### DIRECTIONS FOR THIS TASK
Write out the listing again, exactly as it appears below.

### DATASET SECTION
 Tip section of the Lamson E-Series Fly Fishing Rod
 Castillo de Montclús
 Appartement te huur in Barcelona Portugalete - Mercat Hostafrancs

### EXERCISE RESULT
 Tip section of the Lamson E-Series Fly Fishing Rod
 Castillo de Montclús
 Appartement te huur in Barcelona Portugalete - Mercat Hostafrancs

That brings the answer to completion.